WHAT TO WORK ON ->
Leave the pictures out and print every record below exactly as it stands.

┌────────

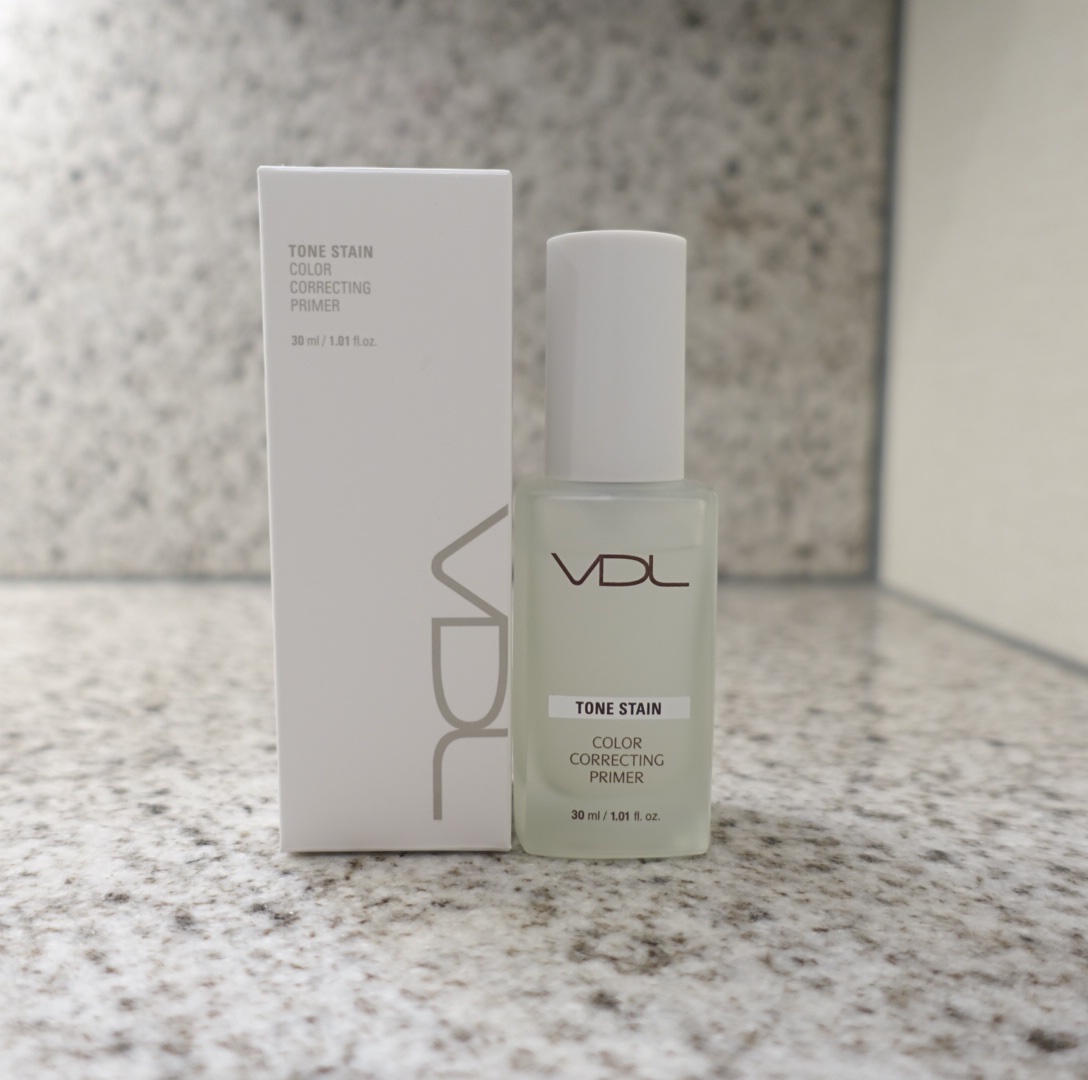 トーンステインカラーコレクティングプライマー/VDL/化粧下地を使ったクチコミ（1枚目）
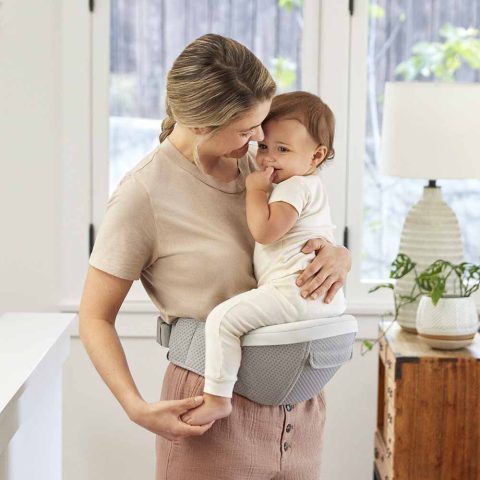 Hướng Dẫn Cách Sử Dụng Địu Em Bé An Toàn, Chuẩn Chuyên Gia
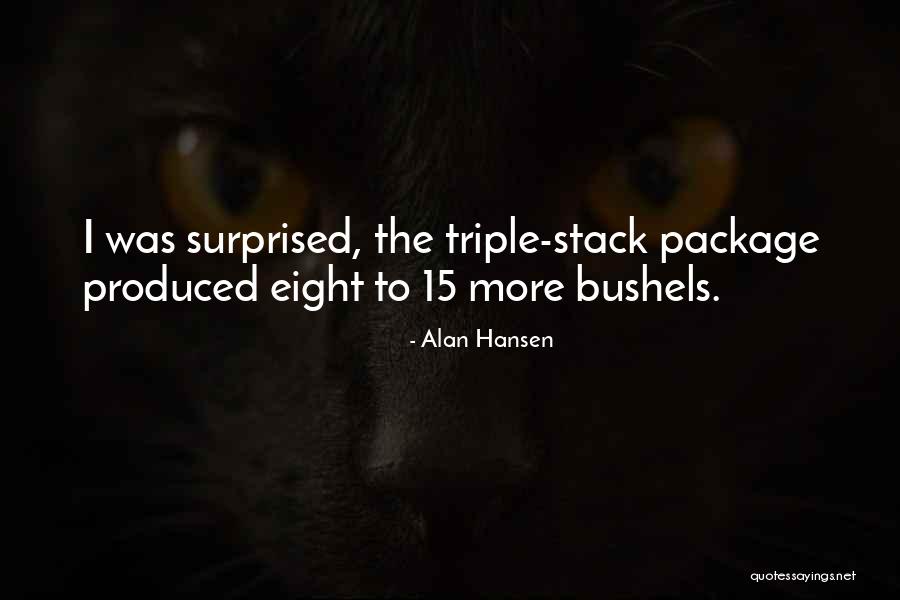 Strawberry Smoothie Quotes By Alan Hansen Strawberry Smoothie Quotes By Alan Hansen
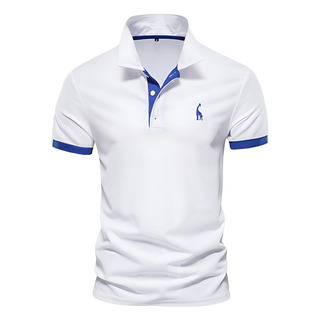 Cazel | Polo premium décontracté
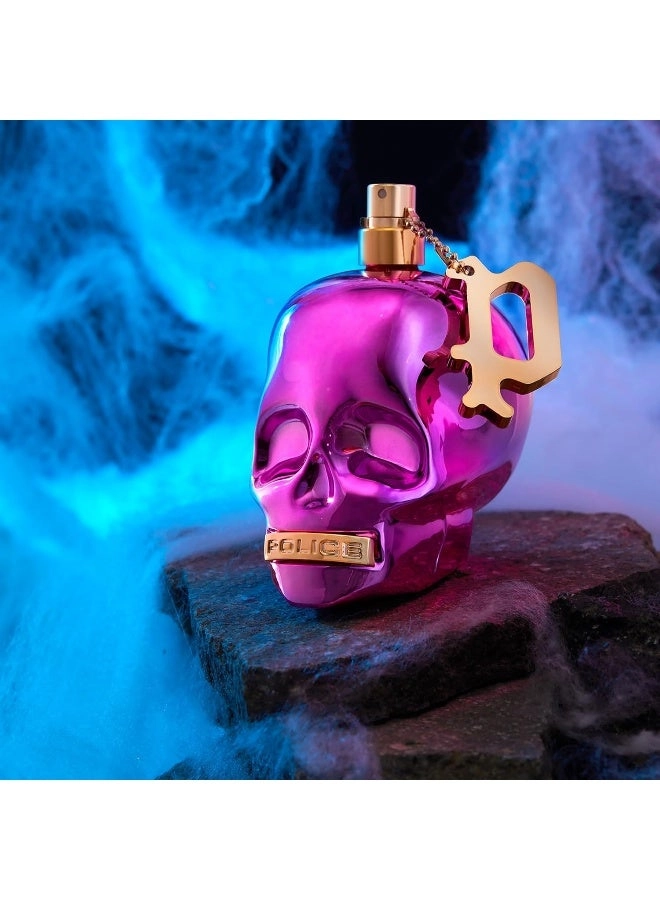 To Be Free To Dare Eau de Toilette - 125ml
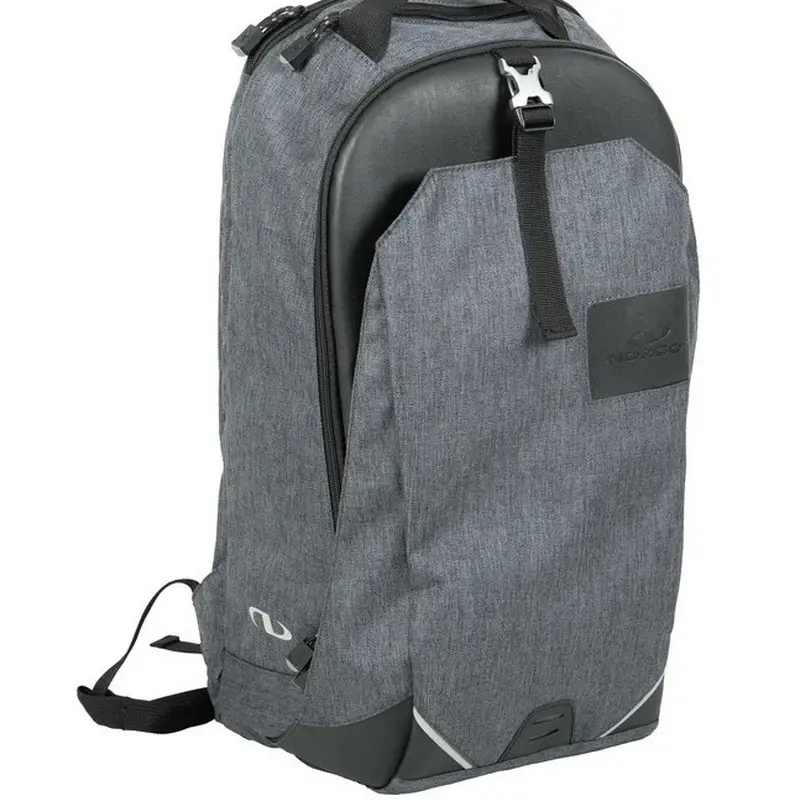 Zaino Borsa Cadrick Grigio 50x28x21cm 20L - image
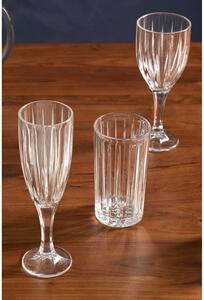 Čaše u setu 4 kom za šampanjac 210 ml Beaufort – Premier Housewares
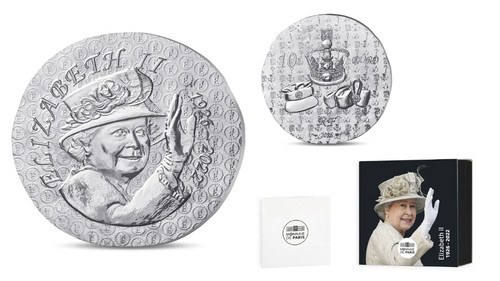 Coffret euros argent - coffret,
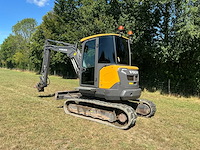 2019 volvo ecr50d rupsgraafmachine - afbeelding 3 van  19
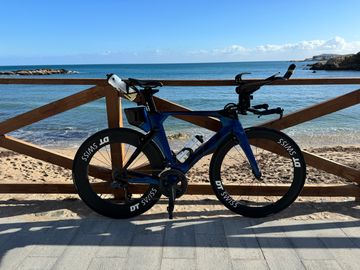 Gebrauchtes BH Aerolight Tt 2018 2018 Road & Gravel, Blau — Bild 22 von 24
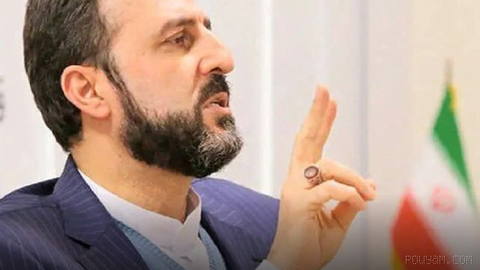کاظم غریب‌آبادی، معاون حقوقی وزارت خارجه جمهوری اسلامی، پنج‌شنبه ۲۳ مهر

└────────

SOLUTION FOR THIS TASK ->
 トーンステインカラーコレクティングプライマー/VDL/化粧下地を使ったクチコミ（1枚目）
 Hướng Dẫn Cách Sử Dụng Địu Em Bé An Toàn, Chuẩn Chuyên Gia
 Strawberry Smoothie Quotes By Alan Hansen Strawberry Smoothie Quotes By Alan Hansen
 Cazel | Polo premium décontracté
 To Be Free To Dare Eau de Toilette - 125ml
 Zaino Borsa Cadrick Grigio 50x28x21cm 20L - image
 Čaše u setu 4 kom za šampanjac 210 ml Beaufort – Premier Housewares
 Coffret euros argent - coffret,
 2019 volvo ecr50d rupsgraafmachine - afbeelding 3 van  19
 Gebrauchtes BH Aerolight Tt 2018 2018 Road & Gravel, Blau — Bild 22 von 24
کاظم غریب‌آبادی، معاون حقوقی وزارت خارجه جمهوری اسلامی، پنج‌شنبه ۲۳ مهر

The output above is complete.